─── Dataset records ───

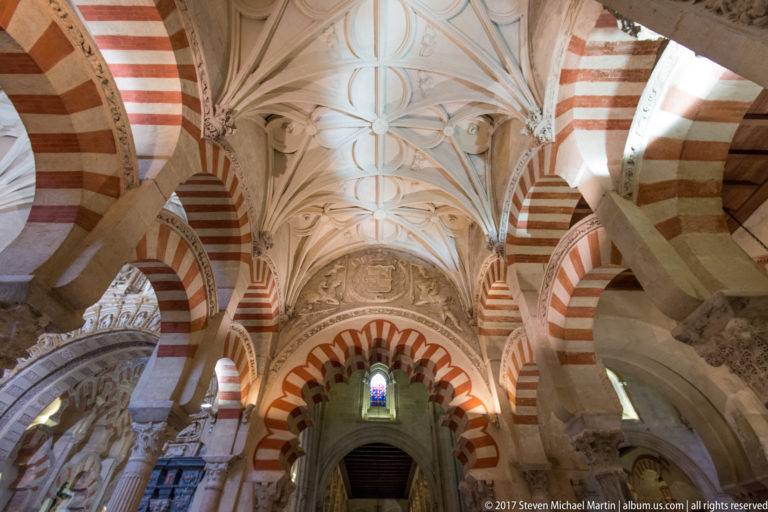 White ribbed vault above striped arches and carved stone supports, with a small stained-glass window at center.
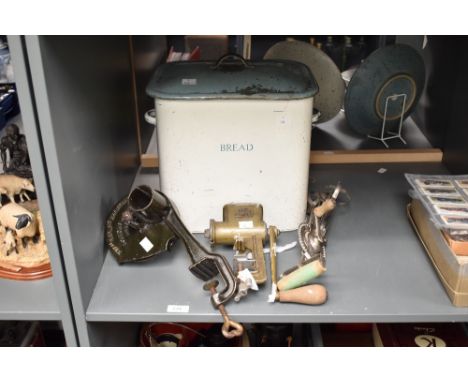 A vintage enamelled bread bin with cover, h31cm, sold together with a marmalade cutter, an egg beater and mincer, ( 4 )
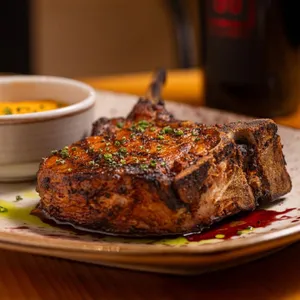TOMAHAWK DE CERDO
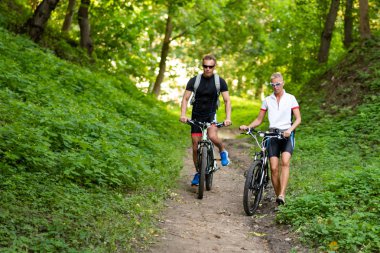 Bisikletli bir adam ve bir kadın tepeden aşağı iner..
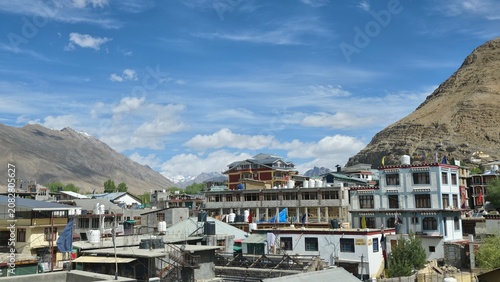 Kaza town spreads beneath rugged mountains, surrounded by hotels, homes, and dramatic Himalayan landscapes.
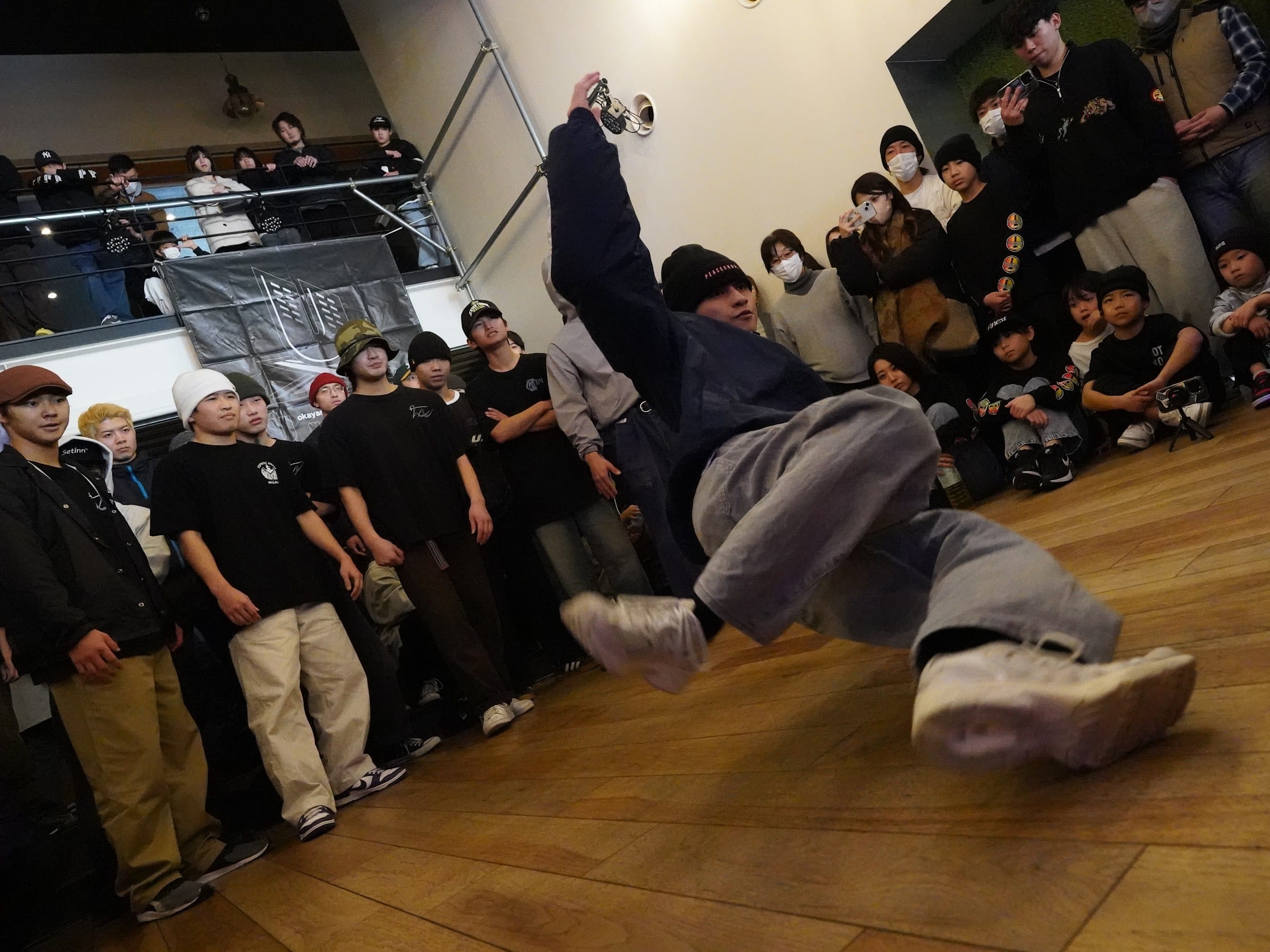 観客に囲まれてフリーズを決めるダンサー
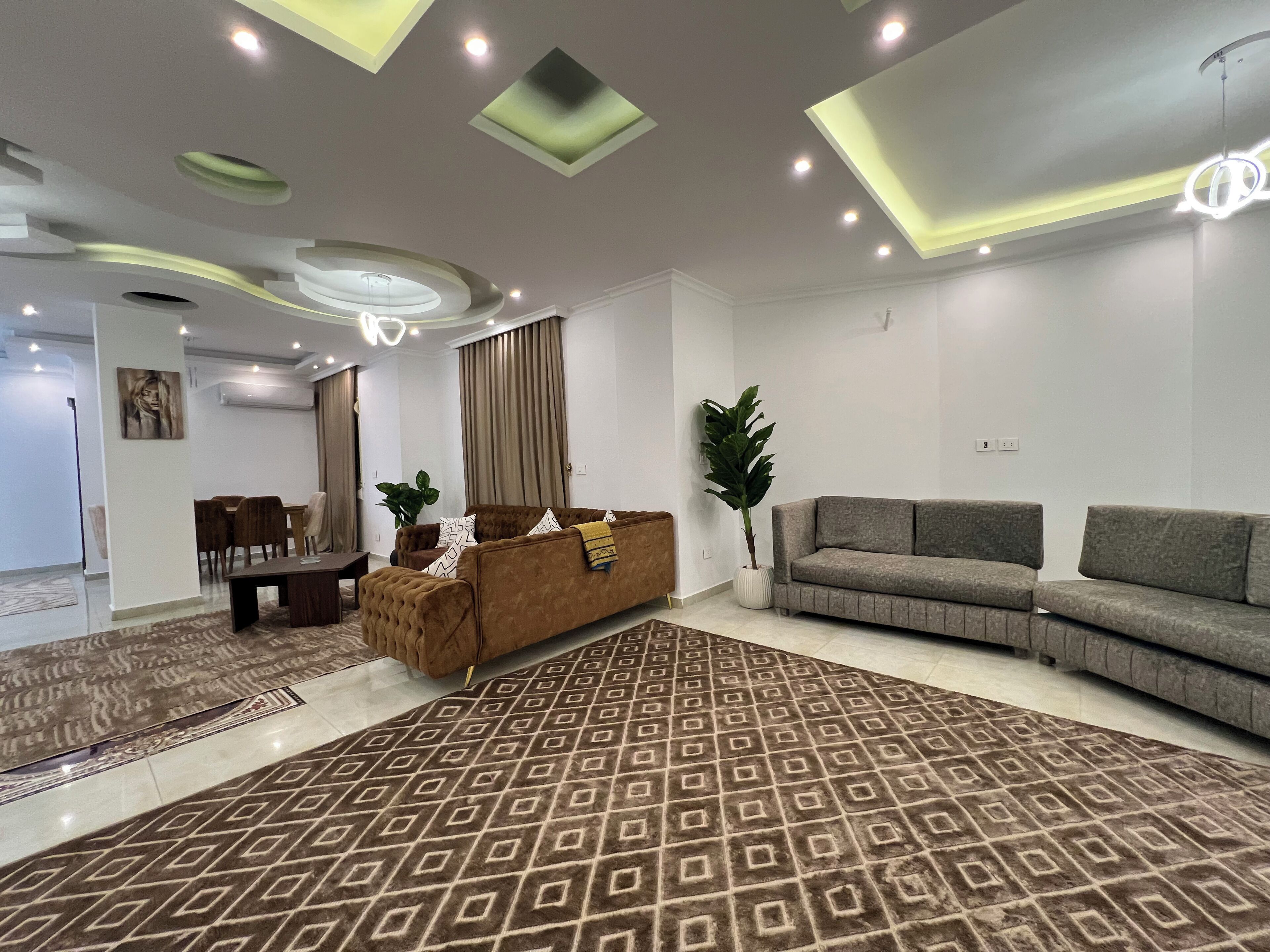 Una sala moderna con alfombra estampada, sofás, zona de comedor e iluminación empotrada en el techo.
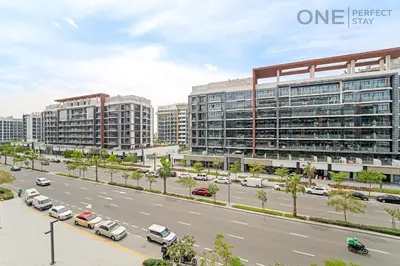 a city street with cars parked in front of buildings at Cozy Studio Apartment in Meydan in Dubai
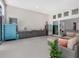 Open-concept living area boasts modern appliances, stylish furniture, and seamless access to outdoor living at 8080 Peaceful Cir, Sanford, FL 32771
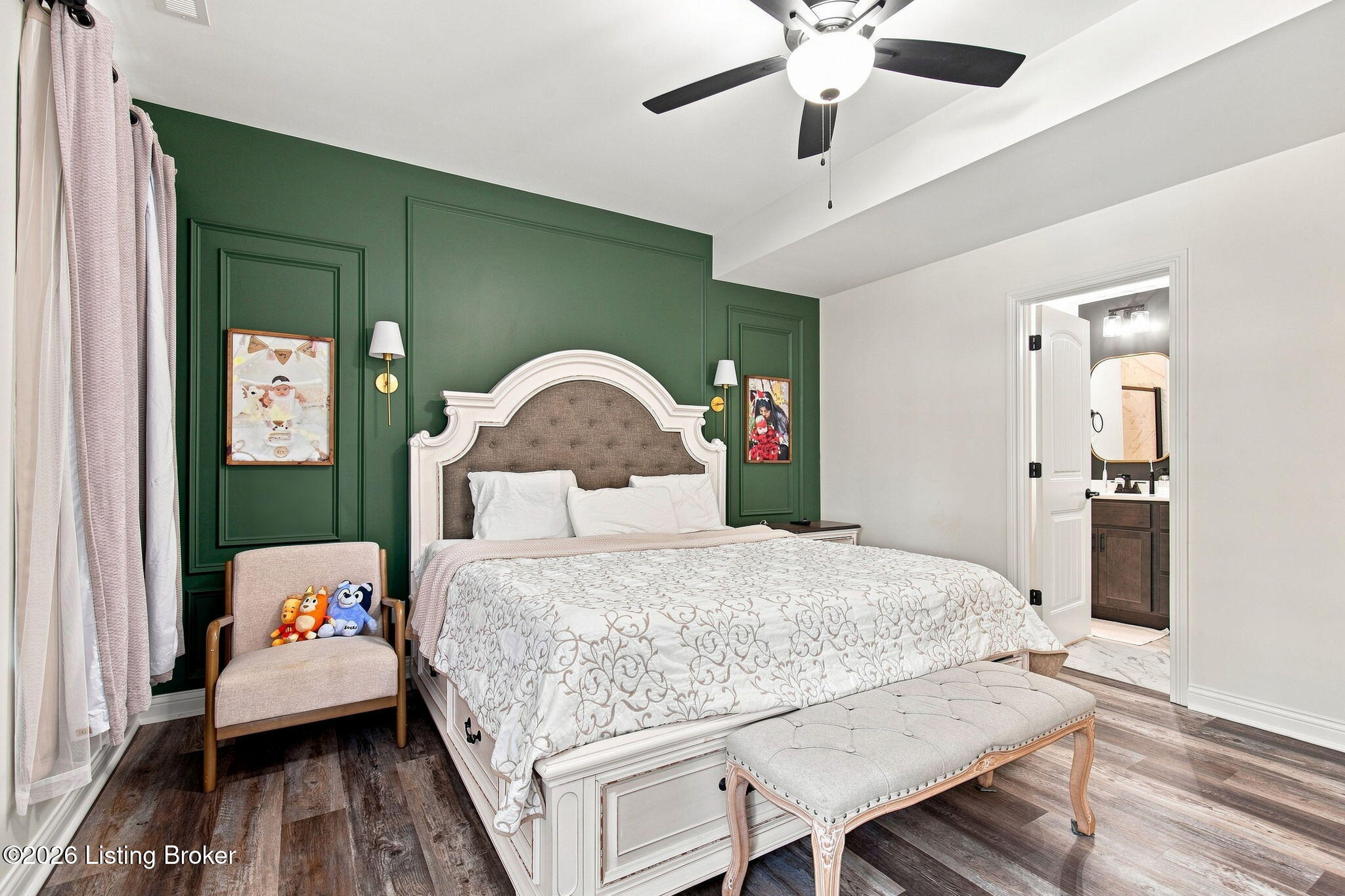 Bedroom with a dark green paneled wall, ornate white bed, upholstered bench, and open ensuite bathroom doorway.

───

__The problem__
Text only, no pictures: please print exactly the lines above from the line with "Kaza town spreads" up to and including the line with "Una sala moderna", and nothing else.

__Response to the exercise__
 Kaza town spreads beneath rugged mountains, surrounded by hotels, homes, and dramatic Himalayan landscapes.
 観客に囲まれてフリーズを決めるダンサー
 Una sala moderna con alfombra estampada, sofás, zona de comedor e iluminación empotrada en el techo.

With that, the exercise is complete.